The injection was developed following 10 years of clinical tests led by scientists from the Tenovus Institute in nearby Southampton. They have created ``designer vaccines'' by fusing together genetic material from a cancer cell with that of a harmless part of a toxin.

It is hoped the body's immune system will be alerted by the presence of the toxin and start to seek and destroy it, killing the cancer cells in the process.

''This is a DNA-carrier vaccine and that is what is different about it,'' said Professor Terry Hamblin, a scientist on the team trialling the vaccine. ``There is no doubt that this is a world-first in this particular area and if it works it would be a major advance in the treatment of cancer.''

Professor Hamblin said the vaccine would only be tested on lymphoma-type cancers but could later be developed to tackle other types of the disease, including breast, colon, ovarian and prostate cancer In the trial programme, between 14 and 70 patients from Southampton, Bournemouth and Manchester are to receive vaccine over a 12-week period.
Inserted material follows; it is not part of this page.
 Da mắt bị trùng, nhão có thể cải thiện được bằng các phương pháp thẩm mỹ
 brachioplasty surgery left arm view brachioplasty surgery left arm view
After a month tests will be carried out to see if the vaccine has prompted a response from the patients' immune systems.

''The end point of the trial is if we can find any immune response against the cancer. If we do, it could be inadequate, the cancer may relapse or it may not. If in sufficient patients we find an immune response we would go to random trials with patients all over the country,'' said Professor Hamblin.

The vaccine, which has been shown to work in mice, will only be given to patients who have already been treated for cancer.